### TASK MATERIAL
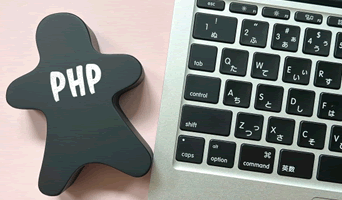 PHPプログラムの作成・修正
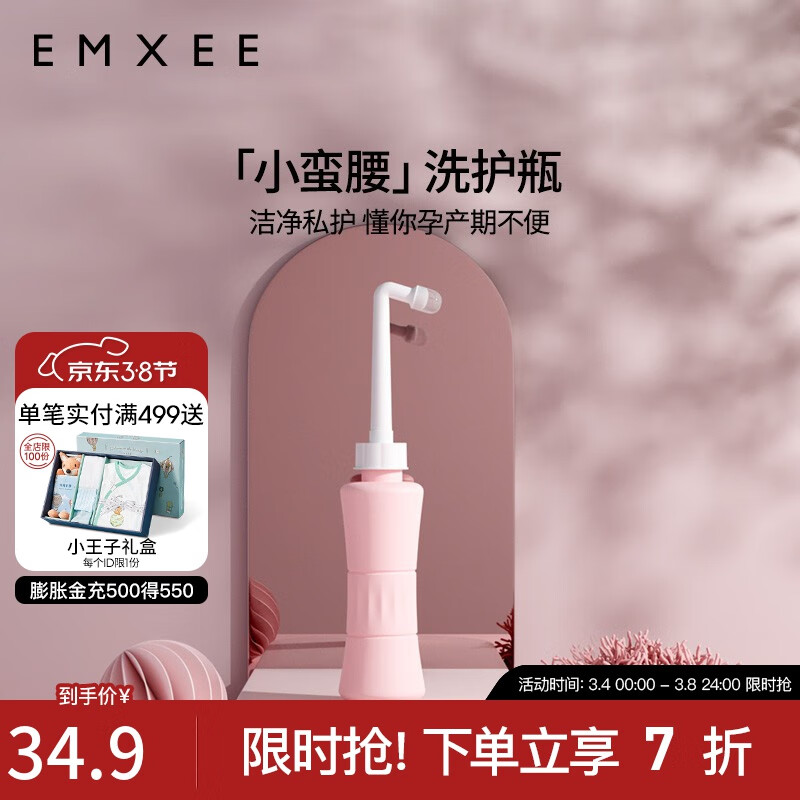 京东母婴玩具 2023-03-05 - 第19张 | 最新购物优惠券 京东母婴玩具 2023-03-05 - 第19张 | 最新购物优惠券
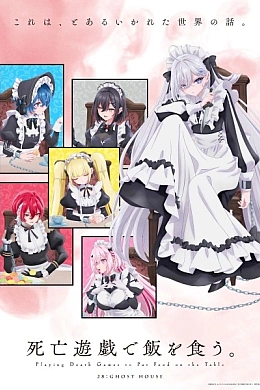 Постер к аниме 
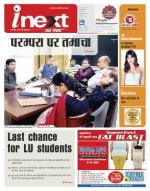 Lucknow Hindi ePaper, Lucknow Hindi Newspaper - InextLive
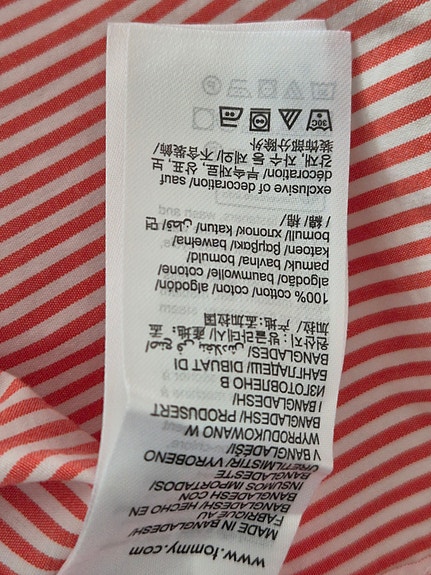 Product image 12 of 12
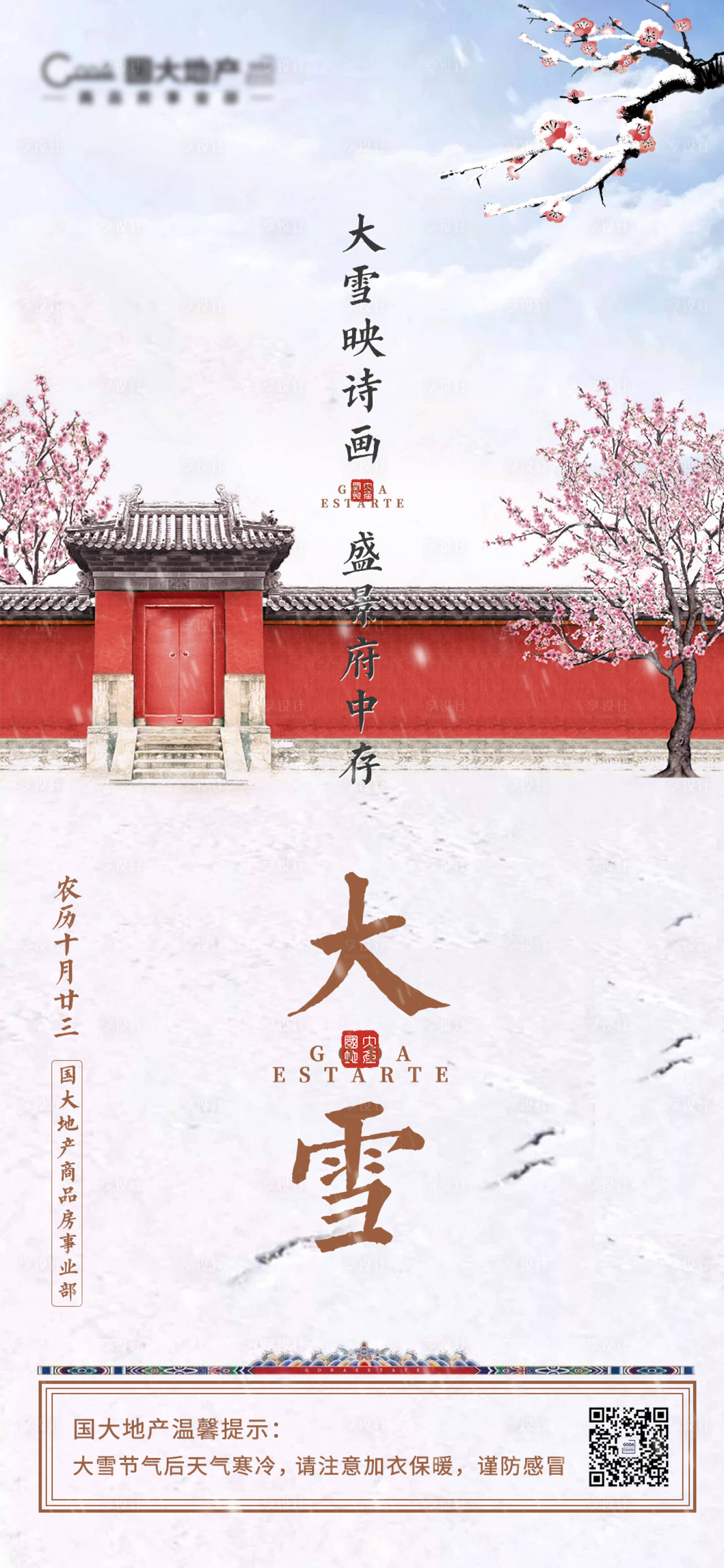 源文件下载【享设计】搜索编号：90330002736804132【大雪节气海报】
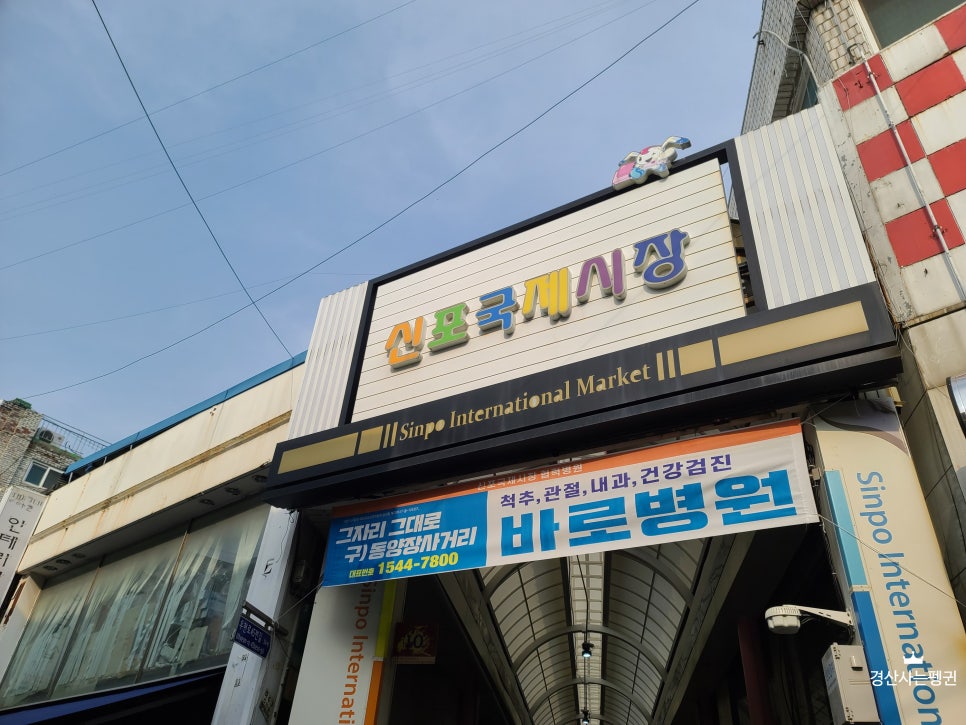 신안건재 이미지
---
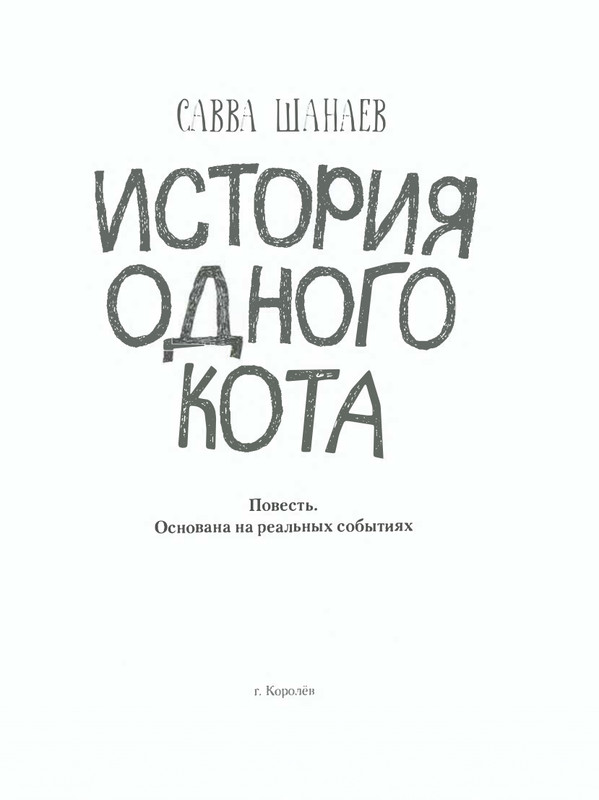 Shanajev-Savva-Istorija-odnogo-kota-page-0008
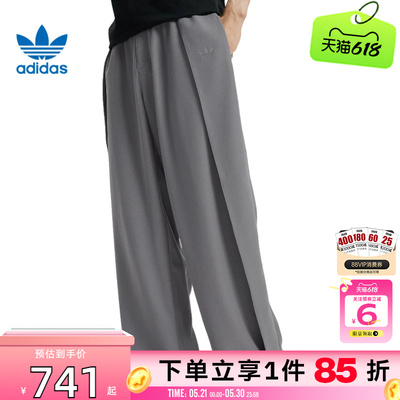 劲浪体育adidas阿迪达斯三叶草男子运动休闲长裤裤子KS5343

### TASK TO COMPLETE
Nothing but the lines from the one with "Shanajev-Savva-Istorija-odnogo-kota-page-0008" to the one with "劲浪体育adidas阿迪达斯三叶草男子运动休闲长裤裤子KS5343" above, both included, should be transcribed, exactly and without pictures.

### EXERCISE RESULT
 Shanajev-Savva-Istorija-odnogo-kota-page-0008
 劲浪体育adidas阿迪达斯三叶草男子运动休闲长裤裤子KS5343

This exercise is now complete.